Let's go a level deeper. What parseJson() did is make all of the items inside the JSON payload super easy to access, as will be demonstrated:
value.parseJson().Results
will unwrap the "Results" package, returning its contents:
{"FRSFacility":[{"CityName":"RICHMOND","Latitude83":"37.45093","LocationAddress":"5401 JEFFERSON DAVIS HWY","Longitude83":"-77.43415","RegistryId":"110000868918","CountyName":"CHESTERFIELD","FacilityName":"DUPONT SPRUANCE PLANT","ZipCode":"23234-2257","SupplementalLocation":null,"FIPSCode":"51041","StateAbbr":"VA"}]}
In this case, "FRSFacility" is the item that we want to get at
Beginning to navigate the JSON payload
Let's see how many items there are in this package
length(value.parseJson().Results.FRSFacility)

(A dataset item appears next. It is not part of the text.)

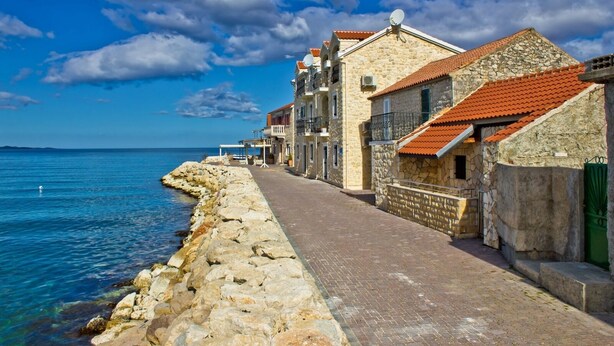 A coastal street lined with stone buildings, a paved walkway, and a rocky shoreline. - Apartment in Bibinje with Terrace, Air condition, WIFI, Washing machine (877-3) (Bibinje)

yields a count of how many "FRSFacility" items there are inside Results
1
Let's test that, by trying it on a bigger JSON payload, which contains two items:
{ "Results":{ "FRSFacility":[ { "RegistryId":"110035806982", "FacilityName":"DUPONT", "LocationAddress":"5115 SOUTH COMMERCE ROAD", "SupplementalLocation":null, "CityName":"RICHMOND", "CountyName":"CHESTERFIELD", "StateAbbr":"VA", "ZipCode":"23234", "FIPSCode":"51041", "Latitude83":"37.45369", "Longitude83":"-77.42649" } ,{ "RegistryId":"110000868918", "FacilityName":"DUPONT SPRUANCE PLANT", "LocationAddress":"5401 JEFFERSON DAVIS HWY", "SupplementalLocation":null, "CityName":"RICHMOND", "CountyName":"CHESTERFIELD", "StateAbbr":"VA", "ZipCode":"23234-2257", "FIPSCode":"51041", "Latitude83":"37.45093", "Longitude83":"-77.43415" } ] } }
Now, we see that
length(value.parseJson().Results.FRSFacility)
Yields:
2
FRSFacility items
Accessing items within the payload
Let's try to get at one specific item in this payload
value.parseJson().Results.FRSFacility
shows the two FRSFacility items, we want the first one. It's as simple as specifying
value.parseJson().Results.FRSFacility[0]
which will get the first one:
{"CityName":"RICHMOND","Latitude83":"37.45369","LocationAddress":"5115 SOUTH COMMERCE ROAD","Longitude83":"-77.42649","RegistryId":"110035806982","CountyName":"CHESTERFIELD","FacilityName":"DUPONT","ZipCode":"23234","SupplementalLocation":null,"FIPSCode":"51041","StateAbbr":"VA"}
Let's test this approach to see if we can get the second one:
value.parseJson().Results.FRSFacility[1]
And, lo and behold, we get the second one:
{"CityName":"RICHMOND","Latitude83":"37.45093","LocationAddress":"5401 JEFFERSON DAVIS HWY","Longitude83":"-77.43415","RegistryId":"110000868918","CountyName":"CHESTERFIELD","FacilityName":"DUPONT SPRUANCE PLANT","ZipCode":"23234-2257","SupplementalLocation":null,"FIPSCode":"51041","StateAbbr":"VA"}
Accessing attribute values within the item
Now, let's try and access some of the attribute data associated with the item. That's as simple as appending the attribute name. Let's try and get the RegistryID for that second facility:
value.parseJson().Results.FRSFacility[1].RegistryId
yields
110000868918
Voila.
This is the basic approach that can then be used to get at JSON data and pull out values for further processing in OpenRefine.